RSW étudie jusqu'en 2011 la faisabilité de ce projet à grande échelle avant de se lancer dans la mise en marché. Mais le gouvernement du Québec ne cache pas son enthousiasme face aux possibilités de cette technologie définie comme «100 % québécoise», qui a déjà créé 30 emplois directs et qui pourrait s'exporter au Canada et à l'étranger.

«La technologie de RSW est prometteuse et fait partie d'une filière que l'on veut voir naître au Québec. C'est une façon concrète de diversifier notre portefeuille énergétique, dit la ministre Nathalie Normandeau. On y croit. On a fait le choix de l'économie verte et on passe de la parole aux actes.»

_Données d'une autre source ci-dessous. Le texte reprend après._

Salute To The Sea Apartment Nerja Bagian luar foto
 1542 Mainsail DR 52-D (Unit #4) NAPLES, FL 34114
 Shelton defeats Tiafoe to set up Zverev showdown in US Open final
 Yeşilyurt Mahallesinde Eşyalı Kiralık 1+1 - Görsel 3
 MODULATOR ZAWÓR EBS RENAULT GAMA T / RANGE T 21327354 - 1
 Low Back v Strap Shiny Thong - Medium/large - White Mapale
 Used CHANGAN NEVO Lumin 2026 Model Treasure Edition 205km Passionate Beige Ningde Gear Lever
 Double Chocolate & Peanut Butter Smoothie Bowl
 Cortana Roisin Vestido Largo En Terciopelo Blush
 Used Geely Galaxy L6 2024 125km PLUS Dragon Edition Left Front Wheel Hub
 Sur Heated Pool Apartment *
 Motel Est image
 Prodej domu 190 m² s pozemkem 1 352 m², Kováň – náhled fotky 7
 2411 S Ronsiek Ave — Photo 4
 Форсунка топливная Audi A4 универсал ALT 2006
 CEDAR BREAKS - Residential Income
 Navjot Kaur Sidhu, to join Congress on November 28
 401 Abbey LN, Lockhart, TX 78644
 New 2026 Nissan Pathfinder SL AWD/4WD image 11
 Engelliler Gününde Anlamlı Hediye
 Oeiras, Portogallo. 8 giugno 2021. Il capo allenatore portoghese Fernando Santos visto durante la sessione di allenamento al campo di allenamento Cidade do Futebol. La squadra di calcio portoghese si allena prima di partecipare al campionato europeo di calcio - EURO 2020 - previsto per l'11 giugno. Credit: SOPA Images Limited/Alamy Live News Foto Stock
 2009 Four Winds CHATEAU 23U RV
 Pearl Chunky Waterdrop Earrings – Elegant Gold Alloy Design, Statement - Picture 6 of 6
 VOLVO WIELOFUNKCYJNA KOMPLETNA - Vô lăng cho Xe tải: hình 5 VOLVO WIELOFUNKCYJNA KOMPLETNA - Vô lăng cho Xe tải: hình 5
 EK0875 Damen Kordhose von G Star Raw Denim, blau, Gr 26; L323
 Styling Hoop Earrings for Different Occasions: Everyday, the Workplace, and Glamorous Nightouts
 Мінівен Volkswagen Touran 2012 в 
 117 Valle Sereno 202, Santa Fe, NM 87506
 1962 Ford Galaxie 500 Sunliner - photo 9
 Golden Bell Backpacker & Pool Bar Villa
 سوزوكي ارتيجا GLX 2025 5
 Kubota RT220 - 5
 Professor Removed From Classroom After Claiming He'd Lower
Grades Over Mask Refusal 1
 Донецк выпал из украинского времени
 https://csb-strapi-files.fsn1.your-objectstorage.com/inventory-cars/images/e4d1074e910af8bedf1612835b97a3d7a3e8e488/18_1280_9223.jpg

Ce n'est pas la première fois que la firme RSW s'intéresse au fleuve Saint-Laurent à la hauteur de la Cité du Havre, à Montréal. En 2003, la firme avait étudié, à la demande d'Hydro-Québec, la possibilité d'y bâtir une centrale au fil de l'eau. Le projet avait finalement été abandonné, mais il a donné naissance à l'idée des hydroliennes.

Le projet de barrage avait alerté la fondation Rivières, qui craignait l'effet qu'il pouvait avoir sur l'écosystème du fleuve. Les hydroliennes ont toutefois été conçues en tenant compte de la présence d'espèces de poissons menacées, dit Georges Dick, président de RSW.

«On a eu des discussions avec Environnement Québec et Environnement Canada ; pour le moment, il n'y a pas lieu d'avoir des inquiétudes», précise M. Dick. Des caméras sonores seront installées sur les prototypes afin de surveiller le comportement des poissons, dit-il.

Réal Reid, ingénieur spécialiste en énergie éolienne et membre du conseil d'administration de la fondation Rivières, se montre plus circonspect. «C'est une technologie embryonnaire, on n'en connaît pas encore les impacts environnementaux, dit-il. On ne peut pas dire que ce sera néfaste ou bénéfique, mais ce n'est pas parce que c'est sous l'eau que cela n'a pas d'effet.»

Québec comme Ottawa veulent croire au potentiel économique et énergétique des hydroliennes. «Il y a un rendez-vous extraordinaire que le Québec ne peut pas manquer», croit Nathalie Normandeau, qui n'exclut pas non plus de créer des filières vertes pour le secteur forestier ou celui des biocarburants.